This paper investigates the dewetting dynamics of a circular rivulet (ring‑rivulet) deposited on partially wettable substrates, using high‑resolution numerical simulations based on the thin‑film equation (TFE). The authors first establish the baseline behavior on homogeneous substrates, where the key dimensionless parameter is the aspect ratio ψ₀ = 2 r₀ sin θ₀ / R₀ (r₀: minor radius, R₀: major radius, θ₀: equilibrium contact angle). For ψ₀ < 0.2 the rivulet undergoes a Rayleigh‑Plateau‑type breakup, forming multiple droplets; for ψ₀ > 0.2 it retracts and collapses into a single central droplet. The number of droplets n_d follows the linear stability analysis (LSA) prediction n_d ≈ π/(2 ψ₀) especially at low θ₀, while the breakup time τ_b grows with ψ₀ for small contact angles but becomes almost independent of ψ₀ for θ₀ > 10°, indicating that disjoining‑pressure effects dominate. Collapse time τ_c scales as τ_c ∝ (θ₀ ψ₀)⁻², a result derived analytically from a simplified radial dynamics equation.

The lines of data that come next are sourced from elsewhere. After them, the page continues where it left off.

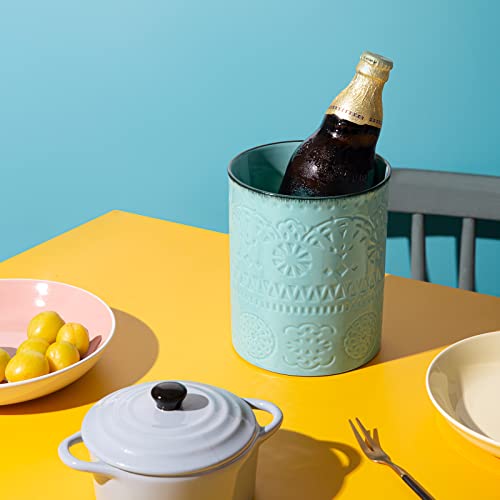 LIFVER Keukengerei Houder, 6,6 ″ Gebruiksvoorwerp Houder voor keukenaanrecht, Boerderij Koken Gebruiksvoorwerp Houder, Keramische Gebruiksvoorwerp Crock voor Keukendecoratie, Tafelbescherming Kurkmat, Zware en Stabiel, Teal Blue - Image 5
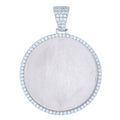 925 Sterling Silver Men Cubic-Zirconia Picture Frame Charm Pendant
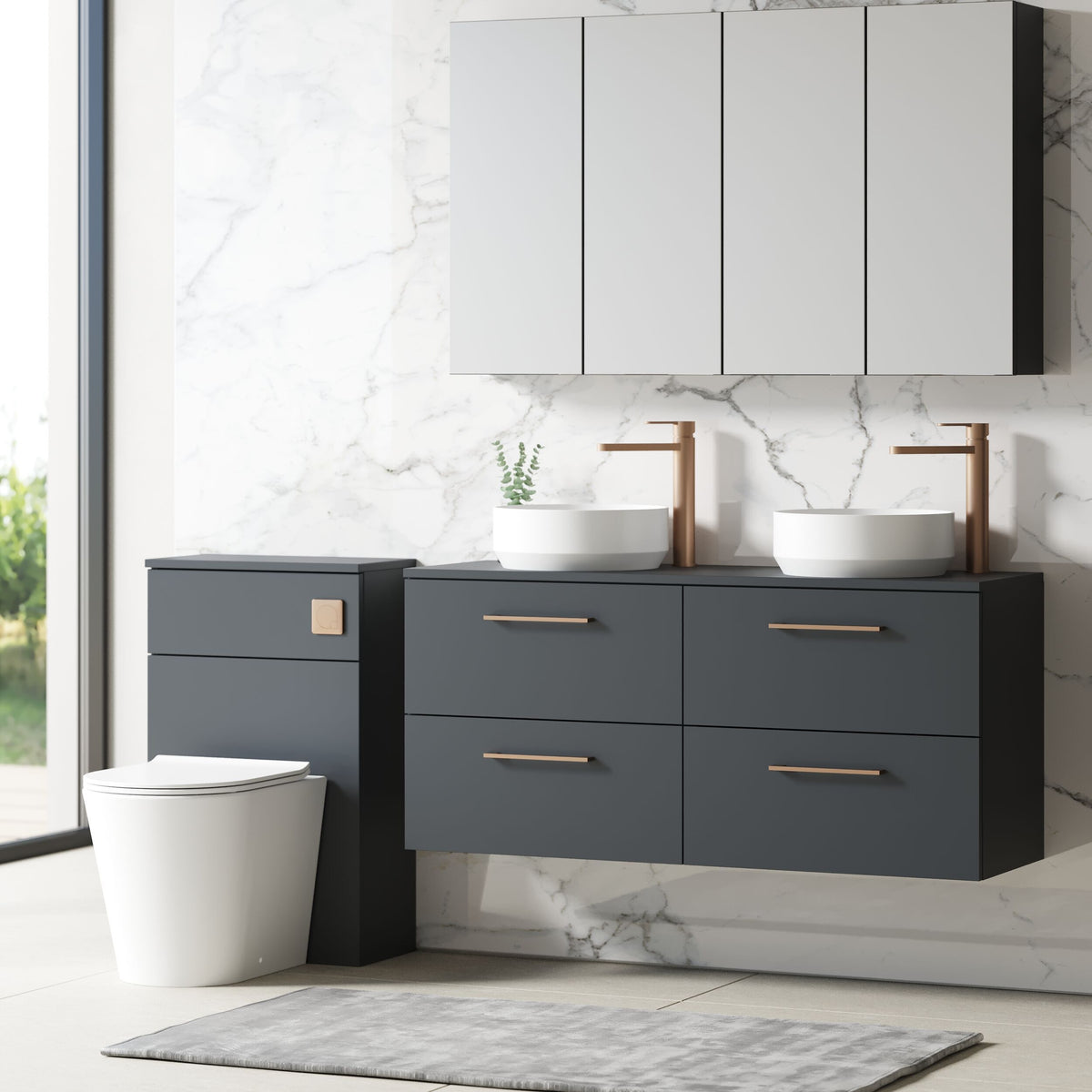 Modern Splash 1200mm Soft Black 4 Drawer Wall Hung Vanity Unit With Co-ordinating Worktop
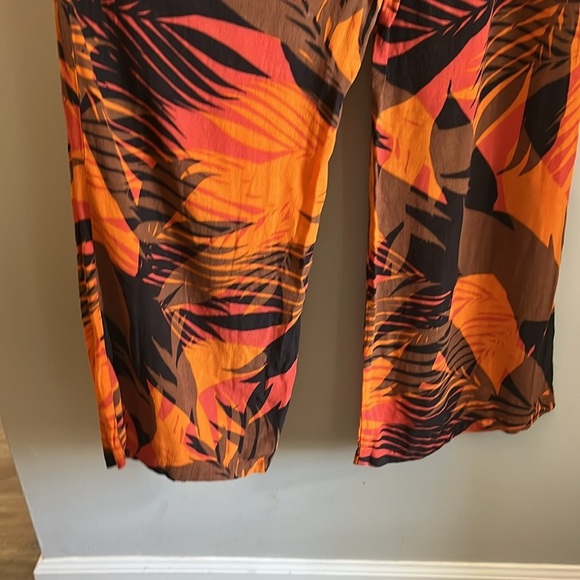 dRA Paradisas Wide Leg Pants Tropical Vibe Pockets Front Zipper Cropped Small - Picture 3 of 9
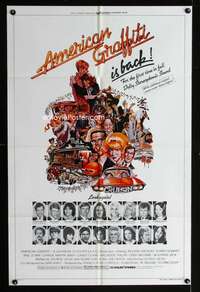 b039 AMERICAN GRAFFITI one-sheet movie poster R78 George Lucas teen classic!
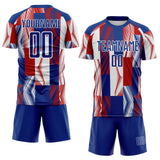 Custom Royal White-Red USA Style Patriotic Geometric Lines Sublimation Soccer Uniform Jersey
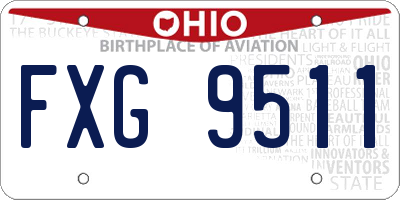 OH license plate FXG9511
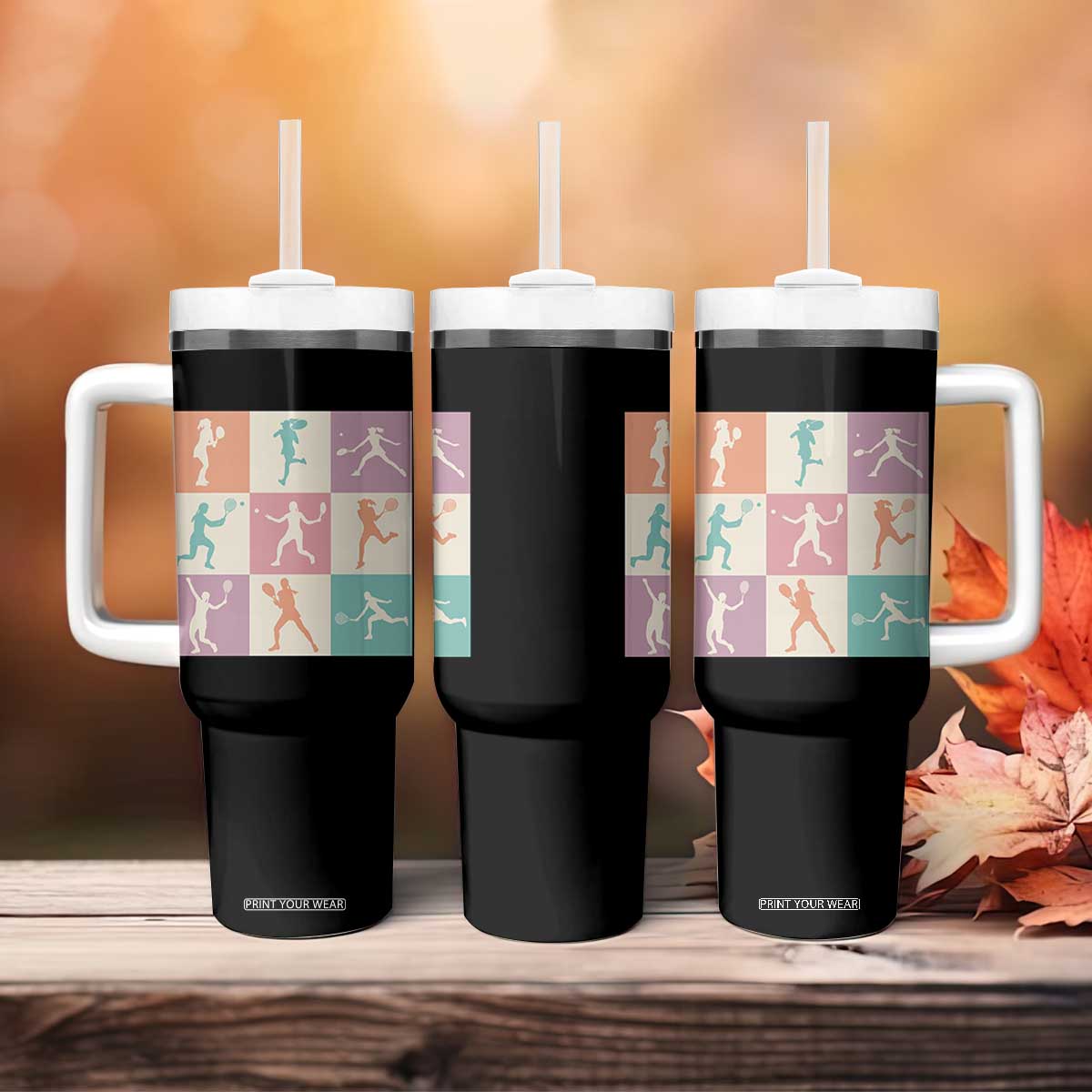 Tennis Lover Colorful Pastel Grid Sports Fan Gift Tumbler With Handle TS12 Print Your Wear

The core contribution lies in exploring two classes of wettability patterns and demonstrating how they can be used to steer the rivulet toward either breakup or collapse, and to control the final droplet count and spatial arrangement.

  1. Annular Band Pattern – A circular band of lower contact angle θ_a (10°–40°) is embedded in a background of higher contact angle θ_b = 60°. This creates an energetic barrier that suppresses the collapse mode. Simulations show that, regardless of ψ₀, the rivulet always breaks up (n_d > 1). The dependence of n_d on ψ₀ deviates from the LSA line, especially for larger θ_a, and the breakup time τ_b becomes largely governed by the local θ_a rather than ψ₀. The band thus acts as a confinement that decouples radial dynamics from the intrinsic instability, allowing a larger number of droplets even for relatively wide rings.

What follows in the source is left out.